This only works if you don’t need to modify the data on the fly. If so use ChunkedWriteHandler and NioChunkedFile.

Never block the EventLoop!

Thread.sleep()

CountDownLatch.await() or any other blocking operation from java.util.concurrent

Long-lived computationally intensive operations

Blocking operations that might take a while (e.g.

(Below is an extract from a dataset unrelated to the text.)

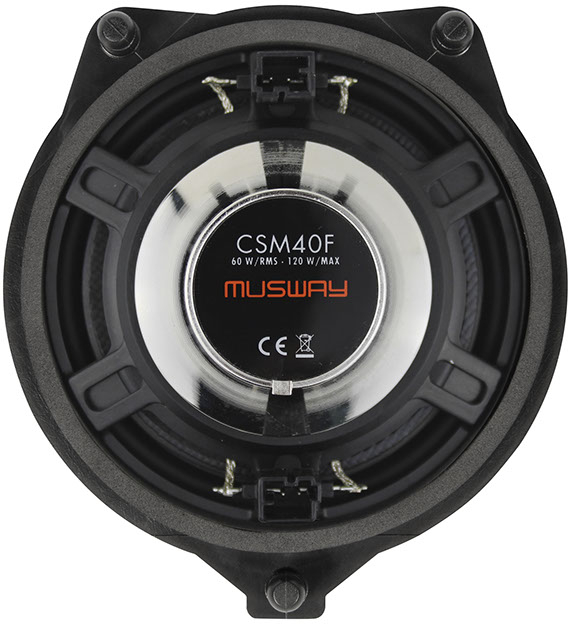 Difuzor Central bord  Merdedes CSM 40F [3]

DB query)

http://www.flickr.com/photos/za3tooor/65911648/

Re-use EventLoopGroup if you can!

Bootstrap bootstrap = new Bootstrap().group(new NioEventLoopGroup());
Bootstrap bootstrap2 = new Bootstrap().group(new NioEventLoopGroup());

Share EventLoopGroup between different Bootstraps

EventLoopGroup group = new NioEventLoopGroup();
Bootstrap bootstrap = new Bootstrap().group(group);
Bootstrap bootstrap2 = new Bootstrap().group(group);

Sharing the same EventLoopGroup allows to keep the resource usage (like Thread-usage) to a minimum.

Proxy like application with context-switching issue

public class ProxyHandler extends ChannelInboundHandlerAdapter {
  @Override
  public void channelActive(ChannelHandlerContext ctx) { (1)
    final Channel inboundChannel = ctx.channel();
    Bootstrap b = new Bootstrap();
    b.group(new NioEventLooopGroup()); (2)
    ...
    ChannelFuture f = b.connect(remoteHost, remotePort);
    ...
  }
}

1	Called once a new connection was accepted
2	Use a new `EventLoopGroup` instance to handle the connection to the remote peer

Don’t do this! This will tie up more resources than needed and introduce extra context-switching overhead.

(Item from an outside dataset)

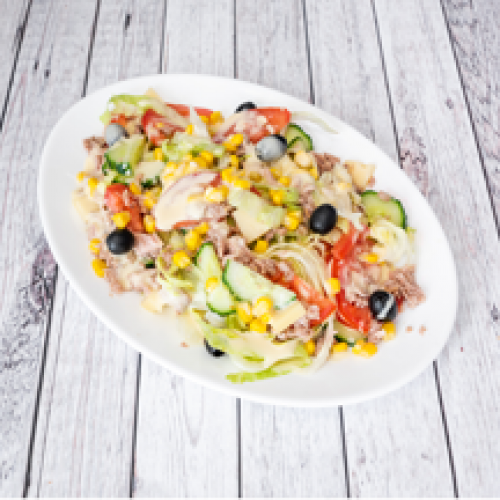Salade parisienne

Proxy like application which reduce context-switching to minimum

public class ProxyHandler extends ChannelInboundHandlerAdapter {
  @Override
  public void channelActive(ChannelHandlerContext ctx) { (1)
    final Channel inboundChannel = ctx.channel();
    Bootstrap b = new Bootstrap();
    b.group(inboundChannel.eventLoop()); (2)
    ...
    ChannelFuture f = b.connect(remoteHost, remotePort);
    ...
  }
}

1	Called once a new connection was accepted
2	Share the same `EventLoop` between both Channels. This means all IO for both connected Channels are handled by the same Thread.

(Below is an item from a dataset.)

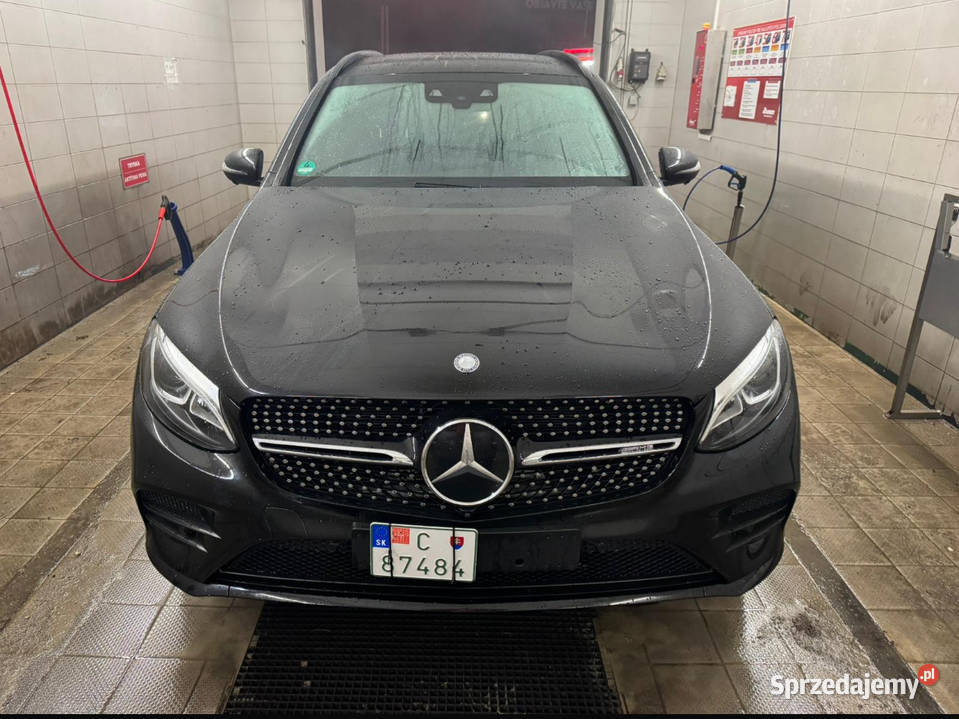 MercedesBenz GLC 43 AMG Krakowice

Always share EventLoop in those Applications

Operations from inside ChannelHandler

public class YourHandler extends ChannelInboundHandlerAdapter {
  @Override
  public void channelActive(ChannelHandlerContext ctx) {
    // BAD (most of the times)
    ctx.channel().writeAndFlush(msg); (1)

    // GOOD
    ctx.writeAndFlush(msg); (2)
   }
}

1	`Channel.*` methods ⇒ the operation will start at the tail of the `ChannelPipeline`
2	ChannelHandlerContext.* methods => the operation will start from this `ChannelHandler to flow through the `ChannelPipeline`.

Use the shortest path as possible to get the maximal performance.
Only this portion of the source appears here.